While I’m intrigued by the notions proposed for inventing artificial daylight, wouldn’t it be simpler to adjust the length of an hour according to the seasons?
Dad was in the FAA. His weekly schedule was:
16:00 - 24:00
14:00 - 22:00
12:00 - 20:00
05:30 - 13:30
and then back on at 00:00 - 0800.
It was rough.
Now that is simply abusive.
Really?
So, when I say “I’ll see you in an hour,” it means a different length of time depending on what month it is? Would you have to print all new cookbooks that are month-centric?
BTW, there was a huge thread on this subject not too long ago:
Time isn’t holding up.
It just keeps on slippin’, slippin’, slippin’ into the future.
It’s been done. They decided it wasn’t for them:
If people are so concerned about their kids going to school in the dark with year round DST, why not start the school day later (and even working hours later)?
But, in our current system, that’s what the period of standard time is. A collective agreement to do everything an hour later, relative to the majority of the year.
Obviously it would be silly to move the clocks by an hour and also move all our schedules by an hour. But I think the suggestion is just to move the school hours during Standard Time.
Don’t know where you’re living (you don’t have your location in your avatar) or what times you get up and go to bed; but there are large numbers of people for whom it doesn’t work that way. I’m somewhat puzzled that you can read this thread and not realize that.
Multiple times in this thread; including about half a dozen posts before you (as well, I note, as also after you):
There, I suspect, is something we can all agree with.
That’s my vote also.
And everybody’s workday becomes drastically longer in the summer than in the winter, leaving little or no time for sleep or anything else if one lives far north enough?
That’s not going to go over well at all. – yes, I suppose every business and government office could adjust their clock times every now and then; but I don’t see how that’s any simpler, and unless there’s a uniform law stating how they had to do that it would be a whole lot more complicated. And even if there were you’d have to rewrite all the overtime laws, which wouldn’t be simple at all.
Ay yi yi.
Not to mention everything else that requires timing; some of which requires timing a lot more precise than cooking generally does. You’d have to re-define minutes and seconds and components of them so they no longer had anything to do with the length of hours.
A lot of people have the timing of their work lives coordinated around their kids’ school hours. You’d either have to move the hours also of a lot of businesses (presumably each of them individually), or upend a lot of people’s lives.

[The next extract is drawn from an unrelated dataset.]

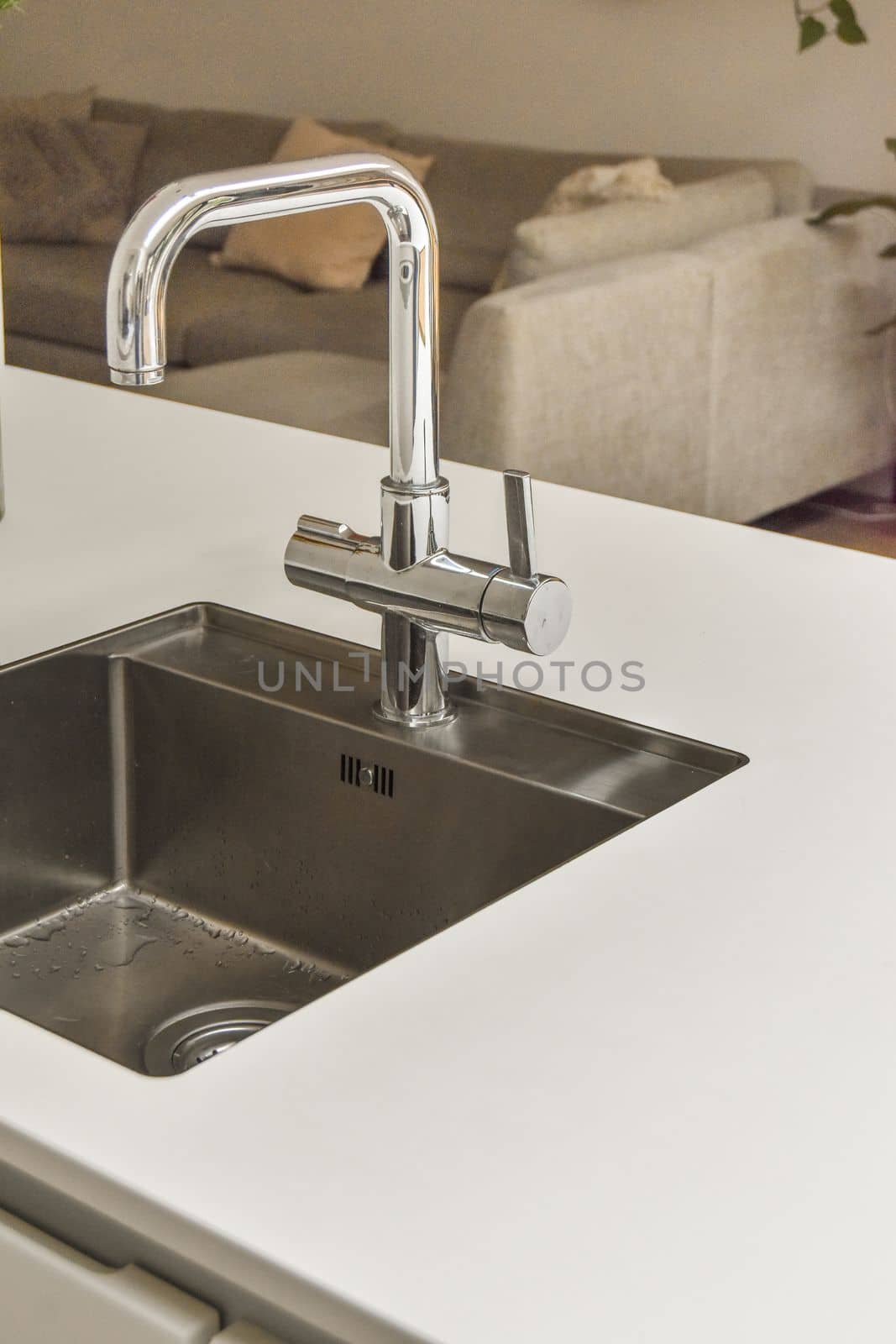 a kitchen sink with water running from the fauced tap in it's right hand held over the sink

I’m not puzzled that there exist some people who are affected by the time change. I totally disagree with the assertion that, as I already quoted:
“Your body clock stays with (natural) light not with the clock on your wall,” Klerman said. “And there’s no evidence that your body fully shifts to the new time.”
Why?
I can see that this may not be a factor that affects you. But why are you so certain that what Klerman said isn’t true for anybody? Have you done research into the matter, or have cites you can show?

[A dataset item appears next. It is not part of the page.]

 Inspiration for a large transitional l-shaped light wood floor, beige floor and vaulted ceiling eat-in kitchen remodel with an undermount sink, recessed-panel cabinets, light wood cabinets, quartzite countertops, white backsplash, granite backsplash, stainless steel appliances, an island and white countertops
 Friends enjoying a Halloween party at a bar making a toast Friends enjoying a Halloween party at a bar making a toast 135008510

(And I still don’t see why its always being light when you personally get up in the morning has anything to do with the matter.)
I didn’t say it wasn’t true for anybody. The quote says “there’s no evidence.” Well there damn sure is evidence, which is that I get up at the same time everyday.

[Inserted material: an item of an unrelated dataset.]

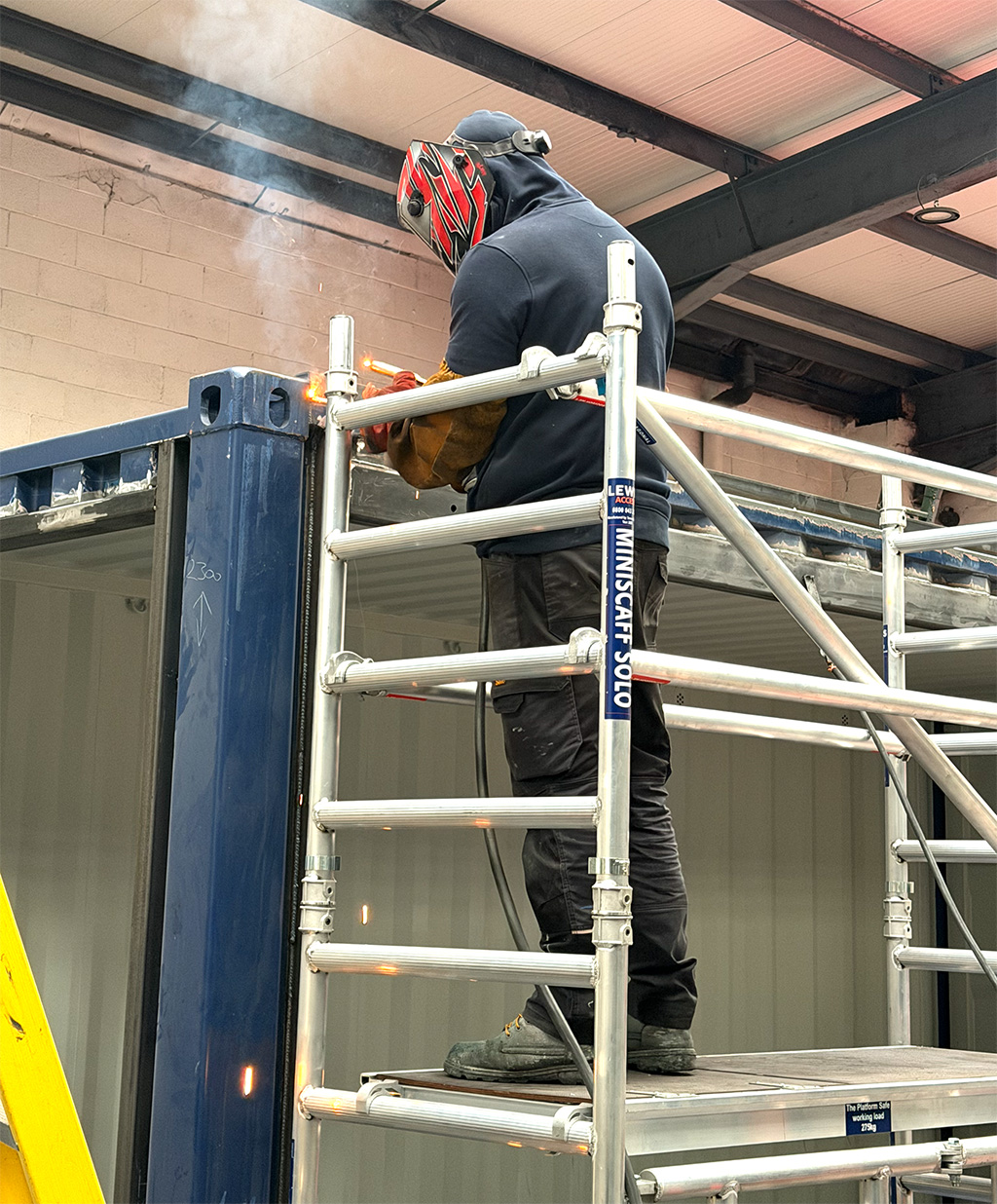 Welding roof section switch house container build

And I mentioned it being light out because, again, the quote says that your body’s clock stays with the natural light. So why doesn’t every person always wake up when the sun rises?
In that quote Klerman is not saying it’s true for some people - she’s saying it’s true across the board. Which as just as inaccurate as saying it affects no one.
California just did something like this, only all year. Every school had to start between 30 minutes and an hour later this year. Some bullshit about how teens need more sleep. I reserve judgement, but I anticipate that the impact due to sports will cause the state to reverse itself before too long.
Personally, I have zero problems with the twice-yearly switch. Doesn’t bother me at all.
That isn’t evidence at all, because you say it’s always light out. – wait a minute, are you saying that the morning after the clocks change, you always automatically wake up, with no alarm, at the same clock time, even though that’s an hour later or earlier than you woke up every day for months before? That is really weird.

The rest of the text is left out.